Segment Start: DATASET EXTRACT

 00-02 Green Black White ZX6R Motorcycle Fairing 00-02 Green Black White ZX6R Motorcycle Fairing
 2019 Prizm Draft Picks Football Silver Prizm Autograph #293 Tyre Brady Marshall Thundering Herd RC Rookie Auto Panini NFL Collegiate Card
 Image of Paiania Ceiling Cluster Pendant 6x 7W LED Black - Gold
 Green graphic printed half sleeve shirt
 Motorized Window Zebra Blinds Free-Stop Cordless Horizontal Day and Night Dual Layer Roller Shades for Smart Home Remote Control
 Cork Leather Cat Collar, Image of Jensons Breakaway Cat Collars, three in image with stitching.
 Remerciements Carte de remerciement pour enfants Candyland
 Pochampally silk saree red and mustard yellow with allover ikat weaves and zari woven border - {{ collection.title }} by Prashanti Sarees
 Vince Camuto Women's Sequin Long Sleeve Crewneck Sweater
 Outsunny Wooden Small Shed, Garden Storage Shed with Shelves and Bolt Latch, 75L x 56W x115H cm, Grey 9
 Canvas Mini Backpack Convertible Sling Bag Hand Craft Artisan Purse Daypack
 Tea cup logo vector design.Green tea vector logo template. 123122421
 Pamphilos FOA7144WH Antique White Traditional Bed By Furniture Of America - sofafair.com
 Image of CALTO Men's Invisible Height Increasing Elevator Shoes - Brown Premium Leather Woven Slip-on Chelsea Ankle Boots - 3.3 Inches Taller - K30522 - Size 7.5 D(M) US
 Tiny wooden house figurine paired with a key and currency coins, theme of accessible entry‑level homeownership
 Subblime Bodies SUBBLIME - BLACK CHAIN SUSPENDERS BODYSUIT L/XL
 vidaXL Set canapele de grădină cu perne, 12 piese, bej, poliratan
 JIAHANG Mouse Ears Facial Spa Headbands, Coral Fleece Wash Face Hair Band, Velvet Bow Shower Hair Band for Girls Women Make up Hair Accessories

Segment End: DATASET EXTRACT

Within the data above, the span starting at the line containing "Image of Paiania" and ending at the line containing "Remerciements Carte de" is to be retyped exactly, with no other lines.

• OUTPUT OF THE TASK:
 Image of Paiania Ceiling Cluster Pendant 6x 7W LED Black - Gold
 Green graphic printed half sleeve shirt
 Motorized Window Zebra Blinds Free-Stop Cordless Horizontal Day and Night Dual Layer Roller Shades for Smart Home Remote Control
 Cork Leather Cat Collar, Image of Jensons Breakaway Cat Collars, three in image with stitching.
 Remerciements Carte de remerciement pour enfants Candyland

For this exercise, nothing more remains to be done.